Assigned task = All of the data should be copied exactly, with the pictures left out.

Source data =
== Segment start ==

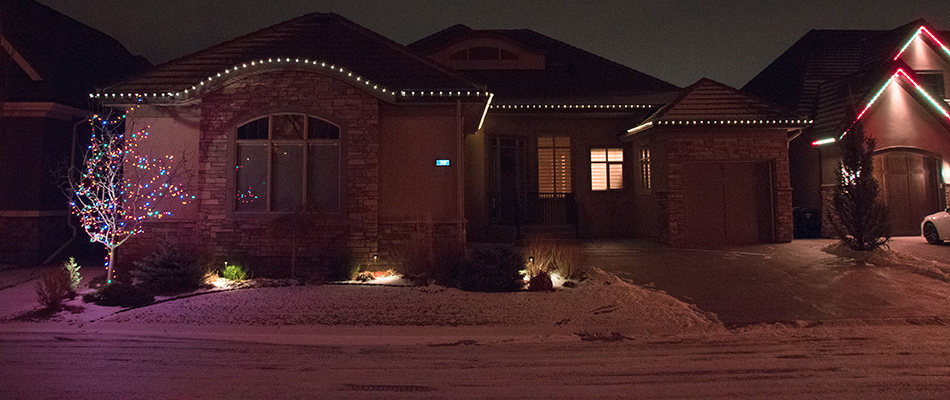 A home decorated with holiday lights in Aspen Woods, AB.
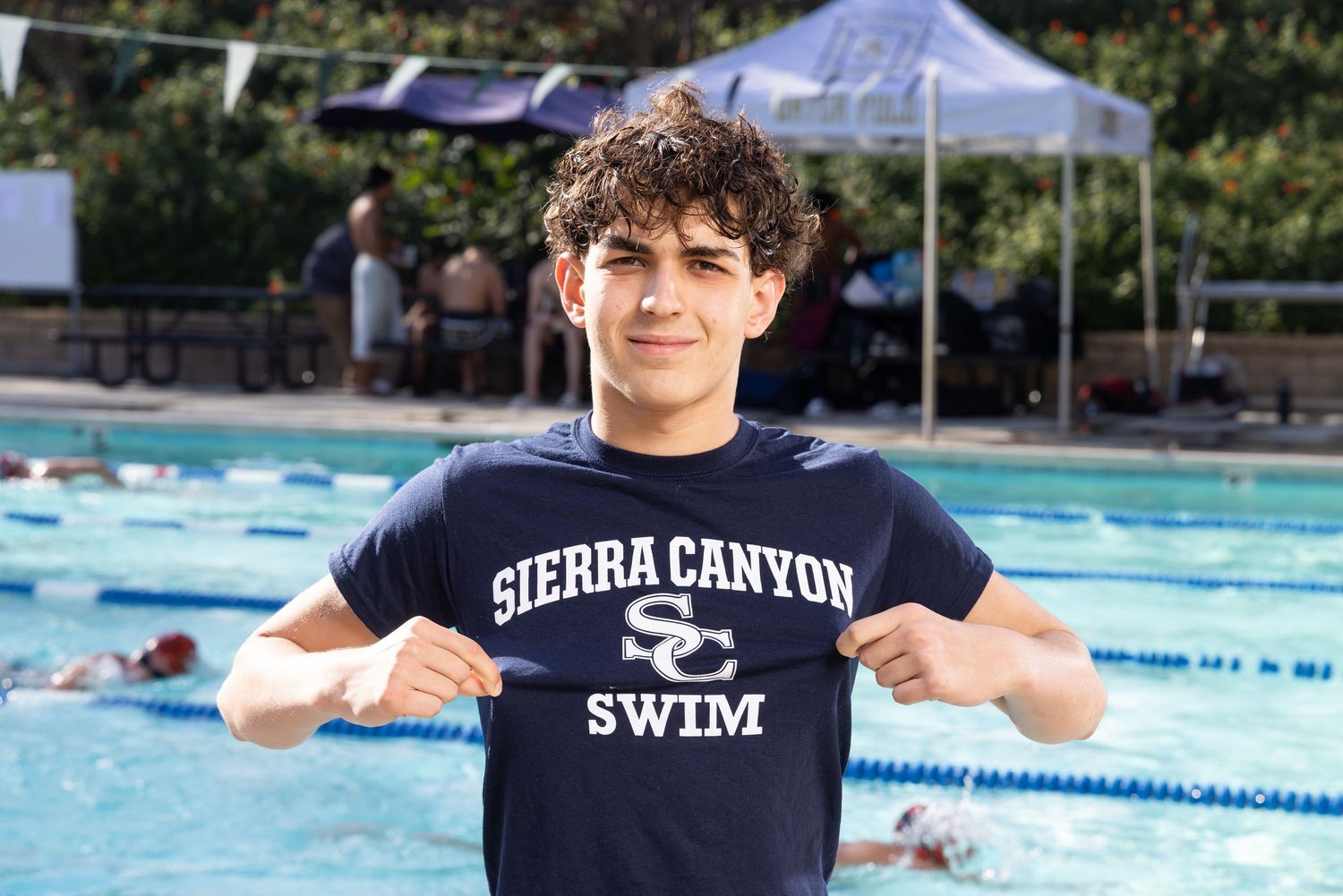 Young swimmer proudly displaying Sierra Canyon Swim team shirt at outdoor pool during swim meet.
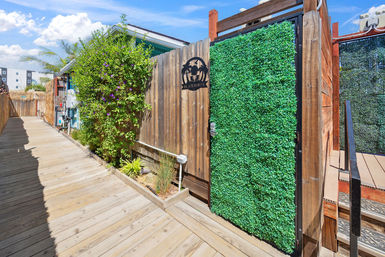 Sunny beachy boardwalk entrance with wooden decking, a wood fence and a green faux-boxwood gate beside flowering shrub under a bright blue sky.
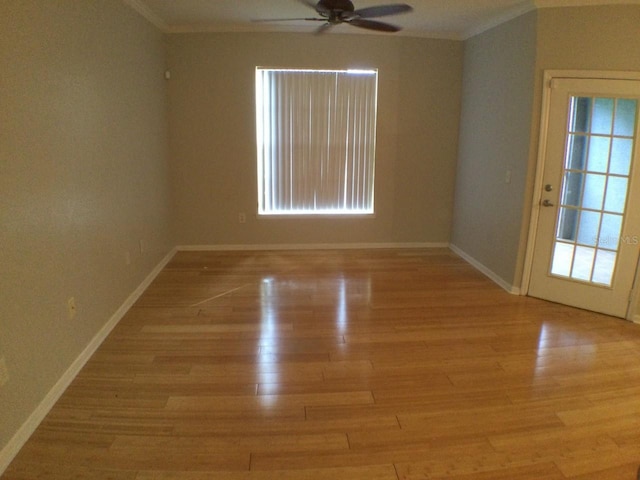 unfurnished room featuring ornamental molding, ceiling fan, and light wood-type flooring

== Segment end ==

Task response =
 A home decorated with holiday lights in Aspen Woods, AB.
 Young swimmer proudly displaying Sierra Canyon Swim team shirt at outdoor pool during swim meet.
 Sunny beachy boardwalk entrance with wooden decking, a wood fence and a green faux-boxwood gate beside flowering shrub under a bright blue sky.
 unfurnished room featuring ornamental molding, ceiling fan, and light wood-type flooring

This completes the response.